Economist Vilfredo Pareto of Italian descent that propounded what is called “Pareto Principle” in 1895 noticed that people in his society seemed to divide naturally into what he called “Vital View.” The English dictionary defines the word vital as a living organism performing an essential function in the living body while view on the other hand means the act of looking, seeing, observing or outward appearance. When fused together “Vital View” means an essential function in the living body seeing or observing-outward appearance. Vilfredo later discovered that virtually all-economic activity was subject to this principle as well. The principle says that 20percent of your activities will account for 80percent of your results, 20% of your activities will account for 80% of your sales or successes; which would also mean 20% of your tasks will account for 80% of the value of what you do, and so on. This automatically means if you have a list of ten items to do, two of those items will turn out to be worth five or ten times or more than the other eight items put together. Richard Koch researched further which is called a “power law” today and also corresponds to the pattern that 80% of wealth and income went to 20% of the income earners, that 50% belong to 5% of earners, and so on. One tilt that he added to it during “The Progress Conference in South Africa” and that a small proportion of our time accounted for most of our valuable output, and even our happiness.
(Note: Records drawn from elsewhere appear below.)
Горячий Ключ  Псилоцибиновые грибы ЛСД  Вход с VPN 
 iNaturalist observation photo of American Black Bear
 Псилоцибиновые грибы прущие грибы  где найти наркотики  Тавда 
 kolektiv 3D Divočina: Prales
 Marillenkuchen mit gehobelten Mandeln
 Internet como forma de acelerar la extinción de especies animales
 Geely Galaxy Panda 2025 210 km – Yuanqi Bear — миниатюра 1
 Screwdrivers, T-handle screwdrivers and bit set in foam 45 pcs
That suggested…time management was beside the point, and that people needed a time revolution-we all needed to change our lives to focus on the best moments and times and make those the core of our lives. Richard asserted further, that people should think about small chunks of time-this week, this year, the years during their whole lives-that have given them more happiness than most of the rest of their time. These he calls “happiness islands” The 80/20 principle says that it is always possible to do something much better with existing resources, or with fewer resources. Progress always comes from a small number of people and teams who demonstrate that the ceiling of previous performance can become the floor for everyone.